**TASK GOAL:**
Could you retype the lines below, starting at the line holding "Produser Pastikan Fedi" and stopping at the line holding "Georgia Announces Visa-Free", inclusive? Copy them exactly and drop the images.

Saved entries:
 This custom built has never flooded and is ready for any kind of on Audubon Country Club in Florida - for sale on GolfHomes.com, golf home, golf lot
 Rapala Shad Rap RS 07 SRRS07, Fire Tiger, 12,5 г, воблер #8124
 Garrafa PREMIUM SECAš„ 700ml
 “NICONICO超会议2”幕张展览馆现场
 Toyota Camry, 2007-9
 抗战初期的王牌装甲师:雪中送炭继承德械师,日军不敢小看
---
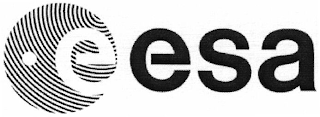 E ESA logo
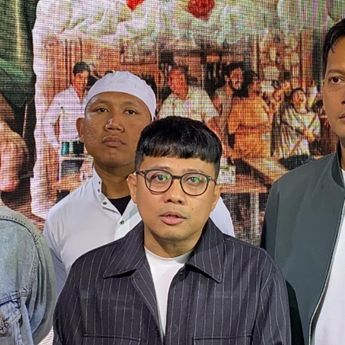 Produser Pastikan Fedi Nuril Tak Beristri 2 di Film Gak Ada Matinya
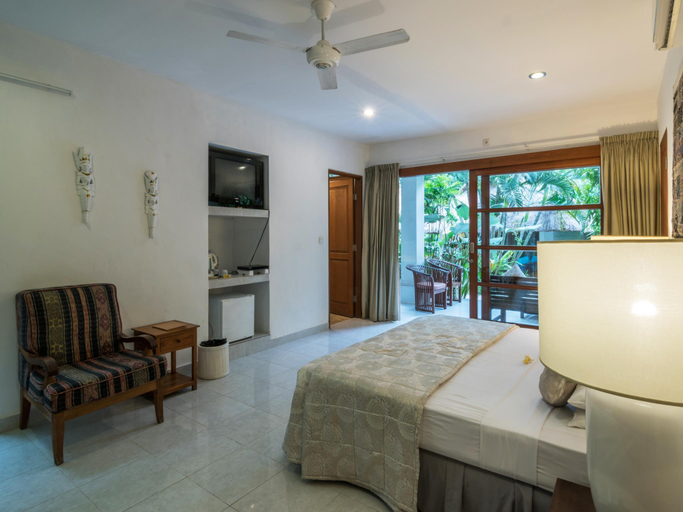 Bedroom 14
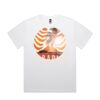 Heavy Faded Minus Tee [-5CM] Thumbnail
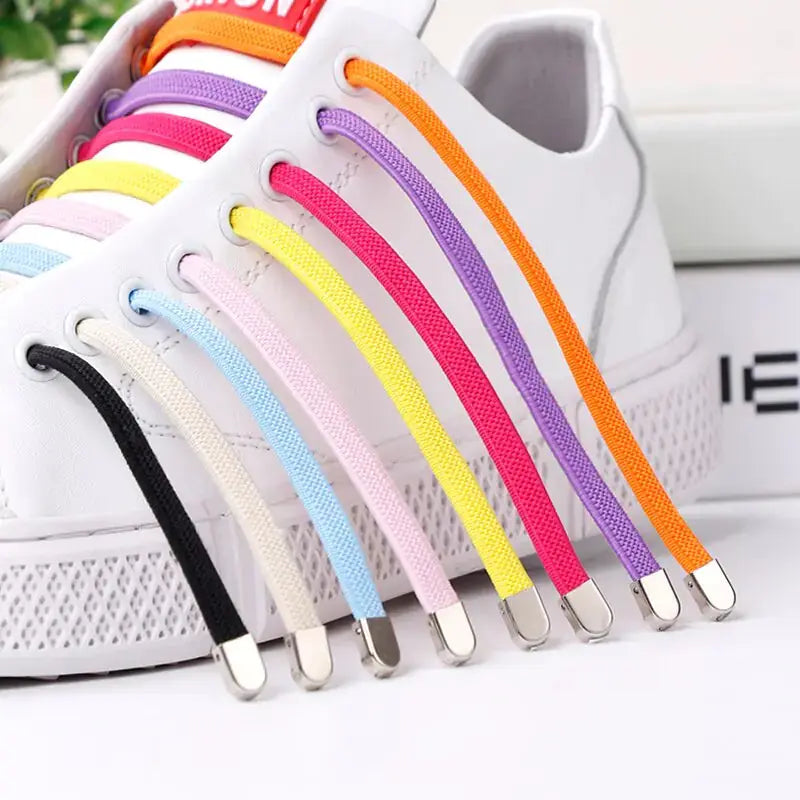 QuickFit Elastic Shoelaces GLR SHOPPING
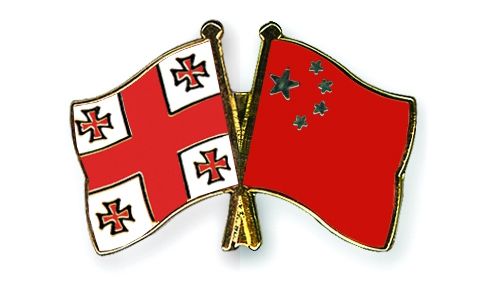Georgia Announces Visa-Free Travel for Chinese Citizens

**OUTPUT OF THE EXERCISE:**
 Produser Pastikan Fedi Nuril Tak Beristri 2 di Film Gak Ada Matinya
 Bedroom 14
 Heavy Faded Minus Tee [-5CM] Thumbnail
 QuickFit Elastic Shoelaces GLR SHOPPING
Georgia Announces Visa-Free Travel for Chinese Citizens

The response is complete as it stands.